Шрифт:
Интервал:
Закладка:
— Ну что вы? Это же не круглая дата! Вот в будущем году…
Он хотел жить и жить…
Катаев не без самоиронии (и самодовольства) называл свою жизнь «чрезмерно затянувшейся».
«Уже тридцать три — и жизнь прошла!»…
В 1983-м говорил «Известиям»: «Я, признаться, собирался прожить лет до пятидесяти. Так и строил свои жизненные и литературные планы. А вышло — дольше».
«Было бы время, нашлись бы силы, прожил бы до ста пятидесяти и еще чуточку», — откровенничал, вампирически усмехаясь, с литератором Борисом Галановым.
И, ах, как жалко, честно говоря, что не прожили, Валентин Петрович!

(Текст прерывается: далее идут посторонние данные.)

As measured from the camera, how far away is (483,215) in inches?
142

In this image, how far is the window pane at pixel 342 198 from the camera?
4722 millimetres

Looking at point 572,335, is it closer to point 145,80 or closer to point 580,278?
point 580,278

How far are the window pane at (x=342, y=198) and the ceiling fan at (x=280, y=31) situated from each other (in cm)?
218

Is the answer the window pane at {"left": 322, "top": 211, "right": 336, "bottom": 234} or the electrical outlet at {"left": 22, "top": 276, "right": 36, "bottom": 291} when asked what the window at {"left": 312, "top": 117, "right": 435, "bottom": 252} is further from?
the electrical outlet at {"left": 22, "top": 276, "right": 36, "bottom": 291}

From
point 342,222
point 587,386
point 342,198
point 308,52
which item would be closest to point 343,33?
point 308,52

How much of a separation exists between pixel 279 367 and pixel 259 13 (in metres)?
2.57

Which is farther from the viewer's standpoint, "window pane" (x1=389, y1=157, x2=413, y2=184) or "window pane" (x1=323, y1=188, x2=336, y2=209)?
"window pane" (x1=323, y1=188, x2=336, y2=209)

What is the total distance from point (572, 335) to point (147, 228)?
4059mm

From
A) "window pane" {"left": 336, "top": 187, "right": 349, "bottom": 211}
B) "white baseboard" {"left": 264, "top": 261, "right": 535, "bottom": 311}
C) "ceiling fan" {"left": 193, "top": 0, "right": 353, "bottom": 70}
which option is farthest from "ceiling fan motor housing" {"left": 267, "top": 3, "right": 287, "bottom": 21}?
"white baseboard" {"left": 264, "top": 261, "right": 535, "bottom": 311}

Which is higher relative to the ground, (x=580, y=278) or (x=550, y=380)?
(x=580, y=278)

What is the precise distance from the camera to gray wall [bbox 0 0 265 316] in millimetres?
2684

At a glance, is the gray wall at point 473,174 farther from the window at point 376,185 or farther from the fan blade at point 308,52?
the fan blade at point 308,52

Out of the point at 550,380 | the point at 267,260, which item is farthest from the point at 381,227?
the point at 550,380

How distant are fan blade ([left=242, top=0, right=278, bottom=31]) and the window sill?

Какую прекрасную (и неожиданную! какую? загадка!) литературу могли бы вы написать, пожив еще. Пускай не пятьдесят, хотя бы несколько лет…
«Иногда мне хочется поскорее стать стариком», — с детским задором поведал он в начале 1930-х сценаристу Александру Мачерету.

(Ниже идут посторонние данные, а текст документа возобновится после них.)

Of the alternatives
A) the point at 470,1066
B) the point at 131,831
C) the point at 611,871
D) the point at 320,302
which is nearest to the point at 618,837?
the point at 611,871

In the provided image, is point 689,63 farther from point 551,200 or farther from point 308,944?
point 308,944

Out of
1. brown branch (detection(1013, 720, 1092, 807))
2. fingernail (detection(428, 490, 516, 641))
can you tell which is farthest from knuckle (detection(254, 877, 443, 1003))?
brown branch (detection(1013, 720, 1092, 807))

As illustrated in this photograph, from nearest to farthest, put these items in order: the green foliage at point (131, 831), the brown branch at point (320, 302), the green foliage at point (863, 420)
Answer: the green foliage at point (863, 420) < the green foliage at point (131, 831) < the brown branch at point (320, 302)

Он никогда не был взрослым, поэтому так и не состарился.
«В тот январский снежный вечер, — рассказывала Жегис, — мы сидели в уютной гостиной переделкинского дома, пили чай с именинным пирогом, приготовленным Эстер Давыдовной, а затем по скрипучей деревянной лестнице поднялись в его рабочий кабинет. Здесь царил все тот же порядок, тишина, привычные вещи — массивный письменный стол, напоминающий корабль, готовый к отплытию, лампа под матовым абажуром, чистые листы большого блокнота, на которых всегда писал Катаев».

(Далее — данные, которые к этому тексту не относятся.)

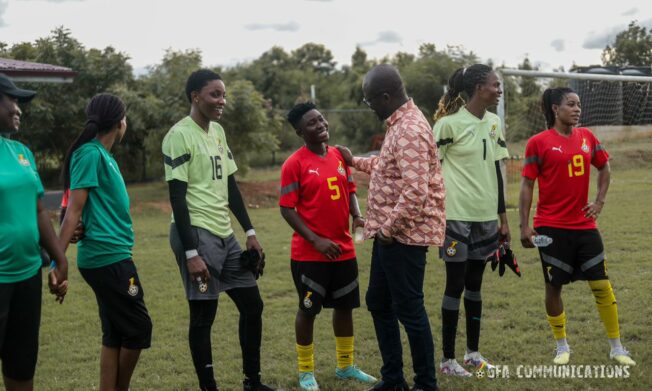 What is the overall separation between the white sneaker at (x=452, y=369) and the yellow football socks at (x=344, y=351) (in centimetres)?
70

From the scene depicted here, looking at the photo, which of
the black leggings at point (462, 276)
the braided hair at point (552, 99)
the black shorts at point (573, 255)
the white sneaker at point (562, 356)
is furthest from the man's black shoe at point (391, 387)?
the braided hair at point (552, 99)

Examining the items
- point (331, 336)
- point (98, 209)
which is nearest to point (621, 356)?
point (331, 336)

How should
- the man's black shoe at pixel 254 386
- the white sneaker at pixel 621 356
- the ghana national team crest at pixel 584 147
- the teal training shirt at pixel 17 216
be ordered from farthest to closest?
the ghana national team crest at pixel 584 147 < the white sneaker at pixel 621 356 < the man's black shoe at pixel 254 386 < the teal training shirt at pixel 17 216

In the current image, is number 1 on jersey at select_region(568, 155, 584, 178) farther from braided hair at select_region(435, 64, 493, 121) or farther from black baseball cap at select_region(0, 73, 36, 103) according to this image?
black baseball cap at select_region(0, 73, 36, 103)

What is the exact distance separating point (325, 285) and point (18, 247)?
2.21 m

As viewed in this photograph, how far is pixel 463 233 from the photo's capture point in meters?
5.29

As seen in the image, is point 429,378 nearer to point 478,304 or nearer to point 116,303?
point 478,304

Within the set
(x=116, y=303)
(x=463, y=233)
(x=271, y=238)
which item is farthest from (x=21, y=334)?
(x=271, y=238)

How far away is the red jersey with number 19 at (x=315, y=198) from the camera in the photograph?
16.8ft

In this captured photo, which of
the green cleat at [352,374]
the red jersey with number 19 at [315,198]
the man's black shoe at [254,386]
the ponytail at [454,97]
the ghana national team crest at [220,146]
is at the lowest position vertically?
the green cleat at [352,374]

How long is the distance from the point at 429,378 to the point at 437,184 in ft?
4.14

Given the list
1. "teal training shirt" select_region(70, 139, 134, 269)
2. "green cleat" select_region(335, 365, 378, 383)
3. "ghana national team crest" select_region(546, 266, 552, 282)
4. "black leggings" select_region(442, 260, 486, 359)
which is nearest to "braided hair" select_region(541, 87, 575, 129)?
"ghana national team crest" select_region(546, 266, 552, 282)

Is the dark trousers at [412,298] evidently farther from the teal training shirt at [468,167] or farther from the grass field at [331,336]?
the teal training shirt at [468,167]

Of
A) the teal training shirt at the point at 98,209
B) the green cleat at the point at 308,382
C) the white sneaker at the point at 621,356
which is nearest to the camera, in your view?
the teal training shirt at the point at 98,209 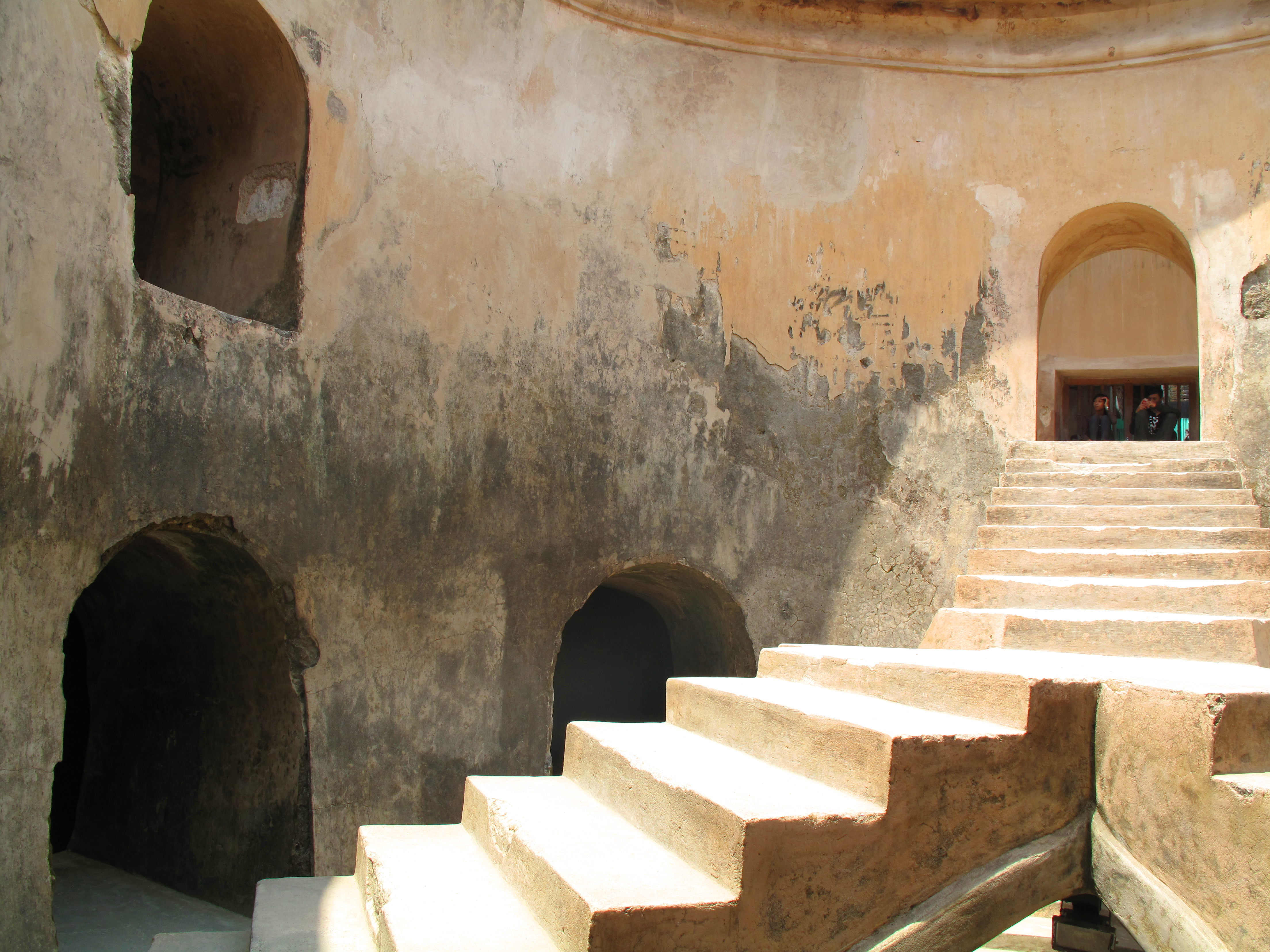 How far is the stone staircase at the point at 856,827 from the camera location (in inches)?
90.0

В Катаеве, запомнил общавшийся с ним в ту зиму журналист Евгений Гильманов, «была та самая благородная простота, к которой люди идут всю жизнь и не так уж часто приходят. И еще в нем был какой-то чисто юношеский вызов быстротечному времени — в каждом его жесте, порывистом движении…».
В 1944 году Катаев написал:
Зимой 1986 года его увезли из Переделкина в Москву.
Проза Катаева — одно из оправданий жизни.
Понимайте, как хотите. Мне так кажется.
«У каждого человека в детстве — раньше или позже — всегда внезапно наступает миг, когда он со всей очевидностью начинает понимать, что он смертен и ему непременно когда-нибудь предстоит умереть, перестать существовать, жить, — мысль, к которой невозможно привыкнуть».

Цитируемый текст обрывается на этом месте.